Un fossé s’est créé entre le monde agricole et le reste de la société française. « Quand je suis né, en 1944, 40 % de la population active était agricole. Pendant la guerre, nos parents avaient faim et respectaient les agriculteurs. Aujourd’hui, seulement 3 % de la population est agricole, et les urbains ignorent tout du monde agricole. Les enfants découvrent à 10 ans que pour manger de la viande, il faut tuer un animal… » Cette coupure est dramatique, estime Jean de Kervasdoué. Les urbains ne sont pas reconnaissants de la liberté qu’ils ont obtenue du fait de ne plus avoir de contraintes animales - par exemple traire les vaches deux fois par jour. La productivité de l’agriculture a donné du temps libre et baissé le coût de l’alimentation qui représente moins de 20 % des dépenses des ménages.

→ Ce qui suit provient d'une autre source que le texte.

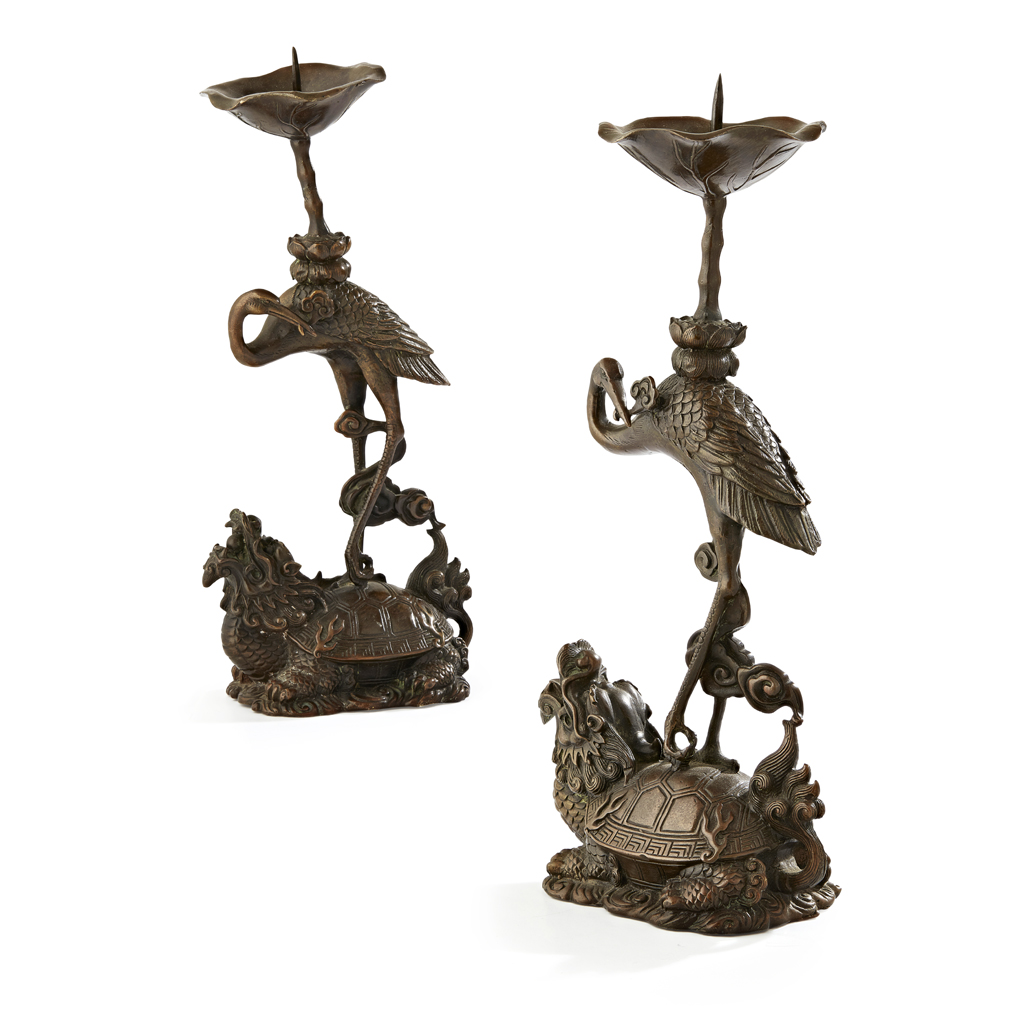 Appraisal: PAIR OF BRONZE CANDLE STICKS cast in the form of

Les peurs alimentaires renaissent. Pourquoi ? Comme nous sommes des omnivores, nous nous méfions de ce que nous mangeons, affirme Jean de Kervasdoué. Avant, il y avait des rites et des rythmes alimentaires (manger du poisson le vendredi, se nourrir trois fois par jour). Or rites et rythmes ont disparu. À Paris, 25 % des gens ne préparent plus jamais un repas. « Ce qui se passe, c’est que nous transférons aux agriculteurs nos angoisses d’omnivores. »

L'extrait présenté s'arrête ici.